Um casal feminino, e outro formado por dois homens, compõem o centro da trama. As falas monocórdicas, a partir de um texto excessivamente escrito (que se encaixam com dificuldade na boca do elenco), seriam reprováveis em filmes naturalistas. Aqui, devido à proximidade com a linguagem do pesadelo e do devaneio, justificam-se. Noá Bonoba, em especial, se delicia com o torpor das palavras, reforçando seu caráter asqueroso (vide a bela cena na joalheria).
Os jovens estão, ao mesmo tempo, vivos e mortos, desejantes e anestesiados. A lua cresce no céu, indicando a proximidade do clímax. Verônica treina luta, em óbvia preparação ao embate entre mocinhas e vilão. Baptista desenha uma delicada ciranda onde todos se amam e se cuidam. O limite entre namorados, amigos e parceiros se borra ao apresentar personagens para além de rótulos definidos. “Vocês estão juntas?”, pergunta Renan à dupla que chega em seu socorro. “Acho que não”, respondem. Pouco importa. Quando se encontram em risco, eles se protegem.

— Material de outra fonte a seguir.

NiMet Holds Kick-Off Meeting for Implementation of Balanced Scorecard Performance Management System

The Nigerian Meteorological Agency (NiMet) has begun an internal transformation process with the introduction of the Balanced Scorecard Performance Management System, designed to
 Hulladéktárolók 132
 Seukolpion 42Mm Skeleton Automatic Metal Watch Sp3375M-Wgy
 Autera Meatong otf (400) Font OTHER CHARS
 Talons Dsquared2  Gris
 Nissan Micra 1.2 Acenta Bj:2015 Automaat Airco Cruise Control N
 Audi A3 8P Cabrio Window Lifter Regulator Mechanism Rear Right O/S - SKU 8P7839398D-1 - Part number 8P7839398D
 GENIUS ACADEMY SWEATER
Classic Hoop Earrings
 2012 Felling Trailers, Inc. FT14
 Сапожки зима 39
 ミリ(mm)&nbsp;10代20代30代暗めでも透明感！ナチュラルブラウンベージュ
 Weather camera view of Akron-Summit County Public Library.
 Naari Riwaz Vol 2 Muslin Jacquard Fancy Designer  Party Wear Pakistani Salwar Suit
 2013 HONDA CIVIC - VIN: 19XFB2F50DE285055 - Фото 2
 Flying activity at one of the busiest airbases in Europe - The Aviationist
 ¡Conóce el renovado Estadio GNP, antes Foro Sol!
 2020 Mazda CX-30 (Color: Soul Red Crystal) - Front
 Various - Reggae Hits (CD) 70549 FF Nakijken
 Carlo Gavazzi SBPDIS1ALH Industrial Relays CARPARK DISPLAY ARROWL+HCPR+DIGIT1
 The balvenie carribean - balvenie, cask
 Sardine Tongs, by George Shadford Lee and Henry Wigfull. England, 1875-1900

Neste percurso, o média-metragem explora iconografias típicas dos filmes de vampiro, de lobisomem, de zumbis. Navega-se com facilidade entre sugestões que evitam referências específicas, apesar de habitarem o mesmo universo gótico-sombrio. Baptista faz prova de um belo exercício de cinefilia, no sentido de incorporar regras e códigos sem meramente replicá-los para o prazer da identificação do espectador. Há mais em jogo do que o amor por filmes particulares: homenageia-se uma percepção ampla do cinema de gênero.
Junto ao público no Teatro da Cidade de São Luís, Panteras representou um sucesso absoluto, capaz de despertar risadas e aplausos calorosos ao final. O encerramento com uma performance fotográfica do trio de protagonista une o luxo ao lixo, ou ainda, a imersão típica do terror com o distanciamento comum às obras metalinguísticas, que revelam a presença do dispositivo. Já frases como “Gay chata do caralho!” proporcionaram um expurgo ao humor latente até então.
O projeto comprova controle excepcional da comunicação com o público, navegando entre ferramentas do cinema popular-exploitation e as demandas mais específicas do cinema de arte, autoral e independente. O resultado chama atenção ao talento de um cineasta capaz de utilizar o gênero e a sexualidade enquanto componentes orgânicos de um universo amplo — estes elementos se tornam meios, ao invés de finalidade da narrativa.